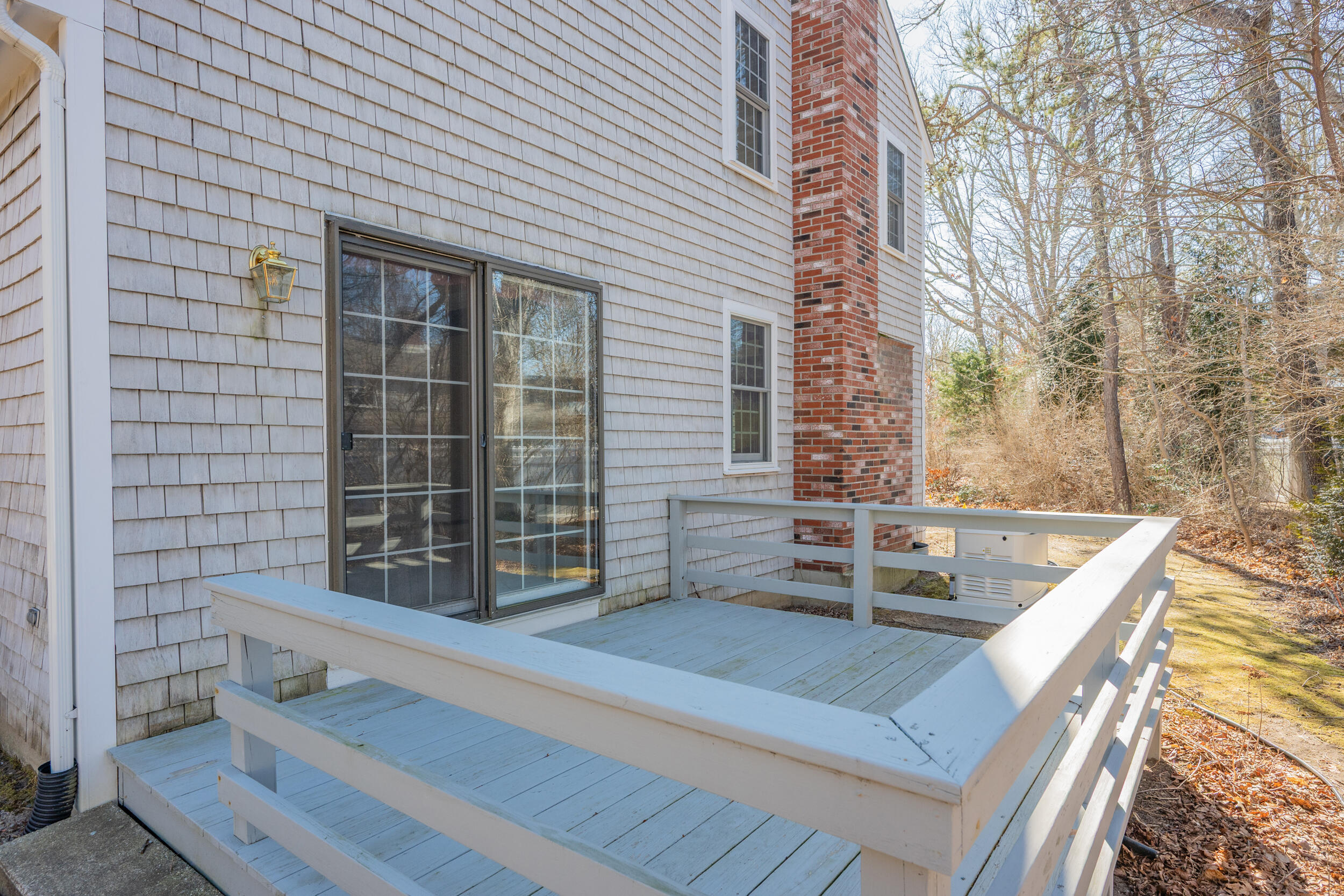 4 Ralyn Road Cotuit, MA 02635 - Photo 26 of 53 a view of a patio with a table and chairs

###

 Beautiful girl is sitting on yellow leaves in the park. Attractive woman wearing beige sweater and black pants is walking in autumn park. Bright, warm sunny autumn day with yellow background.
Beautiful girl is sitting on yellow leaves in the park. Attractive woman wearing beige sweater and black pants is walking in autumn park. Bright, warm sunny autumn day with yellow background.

###

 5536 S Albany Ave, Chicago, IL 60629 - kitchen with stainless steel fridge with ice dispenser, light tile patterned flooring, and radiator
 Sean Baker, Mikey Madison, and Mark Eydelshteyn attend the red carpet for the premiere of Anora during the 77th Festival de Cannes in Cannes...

###

→ **TASK INSTRUCTIONS**: Each line in the listing above that includes the word "sweater" needs to be copied out.

→ **OUTPUT BELOW**:
 Beautiful girl is sitting on yellow leaves in the park. Attractive woman wearing beige sweater and black pants is walking in autumn park. Bright, warm sunny autumn day with yellow background.
Beautiful girl is sitting on yellow leaves in the park. Attractive woman wearing beige sweater and black pants is walking in autumn park. Bright, warm sunny autumn day with yellow background.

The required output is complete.